Jakarta –
Fenomena “ayah yang tinggal di rumah” sangat populer di Tiongkok. Banyak pria yang memilih “berhenti” dari pekerjaannya untuk fokus menyelesaikan pekerjaan rumah tangga seperti memasak, membersihkan rumah, dan mengurus anak.
Misalnya saja Chen Huliang. Seorang pria Tionghoa berusia 30-an melakukan pekerjaan rumah tangga seperti yang biasa dilakukan istrinya. Chen menantang tradisi patriarki yang mengakar dan bahkan menginspirasi acara TV populer di Tiongkok.
Seorang mantan manajer proyek berhenti dari pekerjaannya yang melelahkan untuk bergabung dengan sekelompok ayah yang tinggal di rumah.
“Awalnya ketika seseorang bekerja, ia memimpikan karier yang hebat dan uangnya membantu keluarga,” ujarnya kepada wartawan, seperti dikutip JapanToday, Kamis (10/10/2024).
“Namun, tidak ada yang pasti dan gaji bukanlah suatu kebutuhan bagi keluarga.”
Selama berabad-abad, norma-norma sosial di Tiongkok mendefinisikan laki-laki sebagai pencari nafkah, sedangkan perempuan bertanggung jawab mengurus rumah dan anak-anak.
Bagi Chen, keputusannya untuk tetap di rumah adalah pilihan yang tepat. Dia mencurahkan waktu luangnya untuk istrinya. Istri Chen, Mao Li, adalah penulis terlaris tentang bagaimana fenomena ayah yang tinggal di rumah menjadi hal biasa.
“Di awal pernikahan kami, saya memikirkan kesediaannya membantu sebagai seorang suami,” kata Mao.
“Dia banyak bekerja, jadi dia tidak membantuku mengurus anak-anak dan dia tidak terlalu memperhatikanku. Tapi sekarang dia tinggal di rumah dan mengurus anak-anak, menurutku dia sangat membantu.” Dia berkata. kata Mao.
Di Xiaohongshu, Instagram versi Tiongkok, para ayah muda yang tinggal di rumah dengan bangga mengiklankan gaya hidup mereka.
Chang Wenhao, 37, seorang pembuat konten dan pengusaha pendidikan dari kota Zhuhai di Tiongkok selatan, adalah salah satu dari mereka yang beralih haluan.

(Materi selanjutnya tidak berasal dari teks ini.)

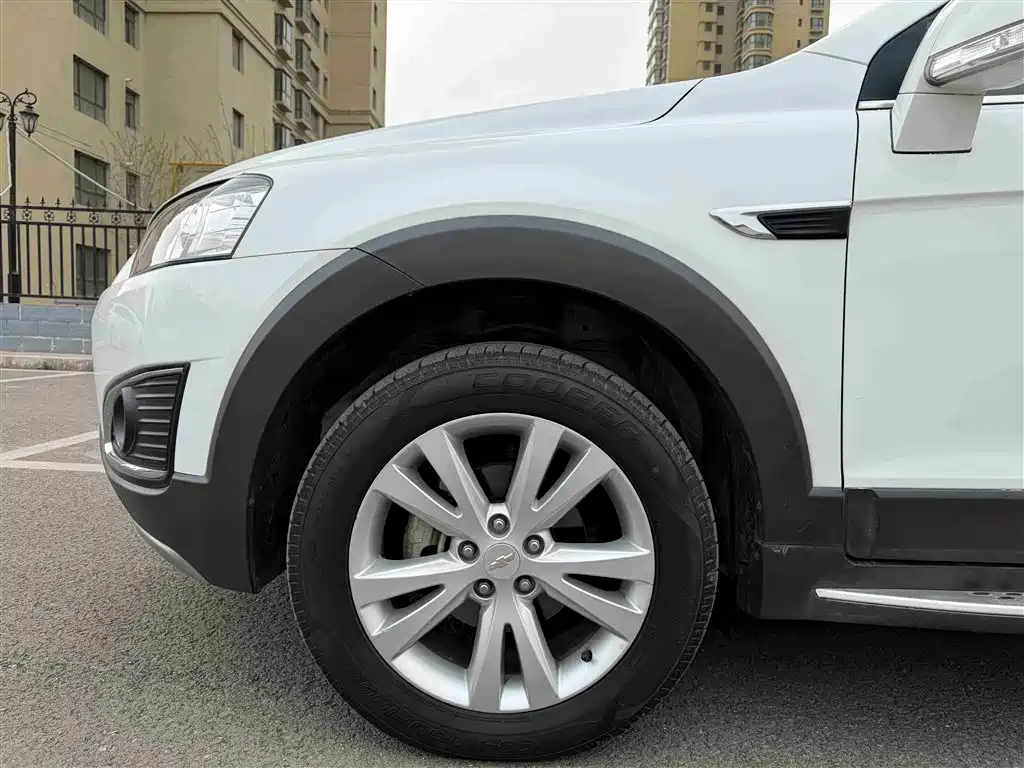 Chevrolet Captiva 2017 — фото 15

Dia menyesuaikan jam kerjanya untuk mencurahkan 80 persen sisanya untuk putrinya yang berusia tujuh tahun dan putranya yang berusia lima tahun. Ia mengajak anak-anaknya berkemah, menunggang kuda, bersepeda, dan mendaki gunung.
“Saya memberikan mereka metode pendidikan, dorongan, bagaimana membangun rasa percaya diri, mengembangkan keterampilan, kemandirian dalam hidup, hal-hal yang tidak mereka pelajari di sekolah atau dari orang dewasa lainnya,” ujarnya.